Frequently Asked Questions About Debt and Debt Reduction Programs
2. How do I find a good company to work with?
There are a few things you can do to ensure you are working with a solid debt solution company. You can check them out with the Better Business Bureau (BBB) and you can check them out with ChoiceREVU. However, the absolute best thing you can do is educate yourself about your options. Once you have a good understanding about how each debt option works, you will be in a much better position to screen companies and advisors. Visit our "How Debt Solutions Work" page to learn about your available options.
4. How will a debt program affect my credit?
The most important thing for you to understand is that the only way to preserve your credit is to pay your required payments on time every month, or pay your debts off in full. Anything else you do including consumer credit counseling, debt settlement/debt reduction, or bankruptcy, will negatively affect your credit. You have to make the decision about enrolling into a debt program based on your situation. If you are maxed out on your credit cards and can barely make your minimum payments, you do not have good credit; even if you have never made a late payment. You may be in a position where you cannot move forward financially until you have dealt with your debt. If that is the case, then you may need to focus on getting out of debt and worry about your credit later. If you are already falling behind on your payments, then your credit is aready adversely affected.
8. What is unsecured debt vs. secured debt?
Unsecured debt is any type of account that you did not put up any collateral behind, meaning no tangible assets or personal property is attached. These types of debts include credit cards, department store cards, medical bills, unsecured personal loans, repossessed vehicles, etc. Some examples of secured debts are mortgages and vehicle loans. In a secured debt, the lender has the ability to repossess the tangible property against the debt.
9. If I do debt settlement, will I incur any additional taxes?
Any creditor that forgives or writes off $600 or more of a debt's principal (the amount not attributable to interest or fees) might send you and the IRS a Form 1099-C at the end of the tax year.
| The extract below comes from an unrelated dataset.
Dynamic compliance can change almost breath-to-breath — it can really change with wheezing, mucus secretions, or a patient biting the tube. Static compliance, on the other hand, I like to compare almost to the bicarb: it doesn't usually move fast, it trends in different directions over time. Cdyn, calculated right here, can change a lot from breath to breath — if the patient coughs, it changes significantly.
These forms are for the report of income, which means that when you file your tax return for the tax year in which your debt was settled or written off, the IRS will make sure that you report the amount on the Form 1099-C as income.
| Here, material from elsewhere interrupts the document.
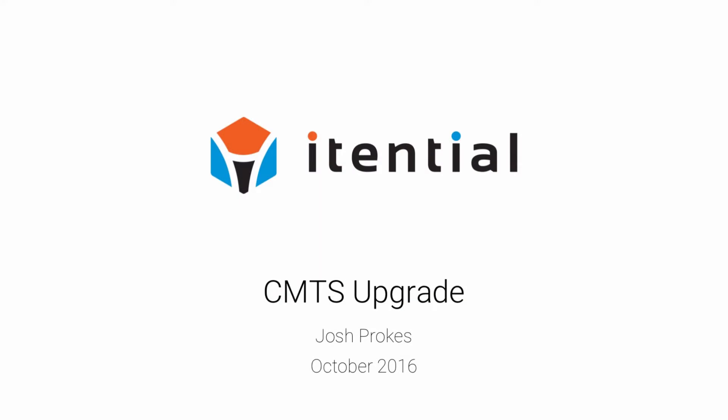Hello and welcome. My name is Josh Prokes. I am a customer engagement manager here at iTential. iTential is an Atlanta-based software and services company focused on accelerating the adoption of network programmability and automation to drive agility and cost reduction.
There are a few exceptions stated in the Internal Revenue Code. For example, if the financial institution issues a Form 1099-C, you do not have to report the income on your tax return if the cancellation or write off of the debt is intended as a gift, or you were insolvent before the creditor agreed to settle or write off the debt.
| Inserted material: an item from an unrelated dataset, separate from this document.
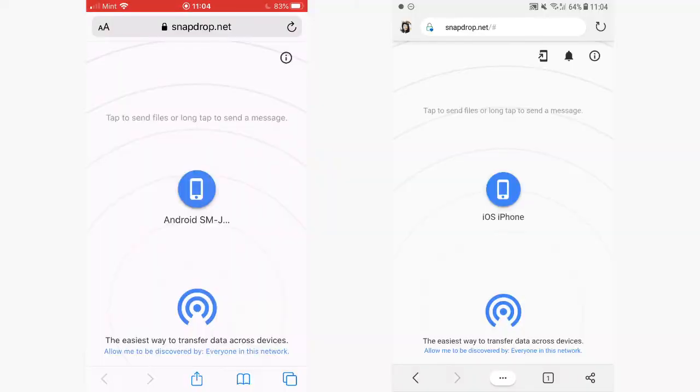If you haven't noticed, the icons on the browsers did not show up, but keep refreshing the page because SnapDrop can be a little finicky, but it will still work. Just refresh the page to make sure both of the icons on each of the browsers show up — the Android phone icon in your iPhone and the iPhone icon on your Android phone.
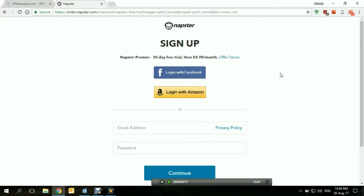You can access Napster UK, Napster Germany, or Napster US — depending on the server that you connect to, that's where you'll be accessing Napster. And that's how you access Napster from anywhere in the world using a VPN. Thank you for watching.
Insolvency means that your debts exceed the value of your assets. To figure out whether or not you were insolvent, you will have to total up your assets and your debts, including the debt that was settled or written off.
If you conclude that your debts exceed the value of your assets, include IRS Form 982 with your tax return. For more information or to download the form from the IRS's web site go to http://www.irs.gov.
Please also refer to IRS Publication 908 (7/1996), Bankruptcy Tax Guide.